Murphy also credited educators for their work.
“Our teachers, building administrators and district and charter leadership have done incredible work in the past year meeting the needs of their students,” Murphy said. “The extra supports and assistance as well as a realigned focus provided through the state’s Race to the Top plan aided their work, but first and foremost, the credit must go to our educators.
“This is solid progress, and our students and educators should be celebrated for their hard work. It is paying off,” he said.
The spring testing window closed June 1. The following represents the preliminary statewide results. Final state, district- and school-level results will be released in July after student enrollment and other business rules are applied, and all data is fully quality-controlled (including review of all exceptions).
This year, DDOE offered two spring assessment opportunities – the first opportunity, which all students completed, and an optional second opportunity, which allowed schools, teachers and students to focus on areas needing more work.
The data below indicates the score on the last test a student took, meaning if the student tested in both opportunities, it reflects the final test score regardless of which one was better.

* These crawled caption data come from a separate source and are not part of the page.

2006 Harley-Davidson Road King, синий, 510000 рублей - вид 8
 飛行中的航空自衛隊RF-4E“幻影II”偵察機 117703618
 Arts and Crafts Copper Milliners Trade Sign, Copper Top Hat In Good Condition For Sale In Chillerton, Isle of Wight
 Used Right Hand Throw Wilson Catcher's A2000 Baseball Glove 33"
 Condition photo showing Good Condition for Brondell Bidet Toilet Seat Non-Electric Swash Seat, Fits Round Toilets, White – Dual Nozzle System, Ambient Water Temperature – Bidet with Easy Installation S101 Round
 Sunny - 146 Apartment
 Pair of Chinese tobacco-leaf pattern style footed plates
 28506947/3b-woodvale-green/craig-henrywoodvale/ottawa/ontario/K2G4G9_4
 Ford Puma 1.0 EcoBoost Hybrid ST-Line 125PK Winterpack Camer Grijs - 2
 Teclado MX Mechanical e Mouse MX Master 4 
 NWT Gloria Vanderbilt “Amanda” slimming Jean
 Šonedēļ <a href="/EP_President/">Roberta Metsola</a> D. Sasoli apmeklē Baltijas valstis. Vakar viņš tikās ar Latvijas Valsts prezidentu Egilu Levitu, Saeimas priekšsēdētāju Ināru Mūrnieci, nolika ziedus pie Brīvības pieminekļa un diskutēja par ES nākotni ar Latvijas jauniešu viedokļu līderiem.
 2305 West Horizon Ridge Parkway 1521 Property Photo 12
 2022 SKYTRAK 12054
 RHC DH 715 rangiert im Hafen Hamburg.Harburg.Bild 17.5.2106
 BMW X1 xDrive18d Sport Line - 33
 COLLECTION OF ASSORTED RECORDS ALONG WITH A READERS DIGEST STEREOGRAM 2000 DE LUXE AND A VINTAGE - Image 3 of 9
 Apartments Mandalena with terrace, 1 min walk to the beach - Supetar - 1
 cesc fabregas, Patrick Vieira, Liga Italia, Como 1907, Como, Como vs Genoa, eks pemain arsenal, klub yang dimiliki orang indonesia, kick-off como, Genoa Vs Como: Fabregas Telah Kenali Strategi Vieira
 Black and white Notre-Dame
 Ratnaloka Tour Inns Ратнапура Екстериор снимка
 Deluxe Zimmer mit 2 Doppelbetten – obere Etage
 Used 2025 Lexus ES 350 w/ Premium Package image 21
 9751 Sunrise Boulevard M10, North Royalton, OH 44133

The accountability data to be released in July will look at the best of either and thus the data will be higher.
Highlights of the statewide results include:
The results show progress as well as remaining challenges:
- Overall reading and math proficiency across grades 3-10:
- 61% of students were proficient in reading (DCAS 3 or 4) last spring, as compared to 68% this year for the final assessment opportunity
- 62% of students were proficient in math (DCAS 3 or 4) last spring, as compared to 69% this year for the final assessment opportunity
- Overall reading and math “advanced” across grades 3-10:
- 35% of students were advanced in reading (DCAS 4) last spring, as compared to 37% this year for the final assessment opportunity
- 23% of students were advanced in math (DCAS 4) last spring, as compared to 27% this year for the final assessment opportunity
- Achievement gaps
The increases in proficiency occurred across all major subgroups. Proficiency of underrepresented subgroups often increased more than that of their counterparts, representing a narrowing of achievement gaps.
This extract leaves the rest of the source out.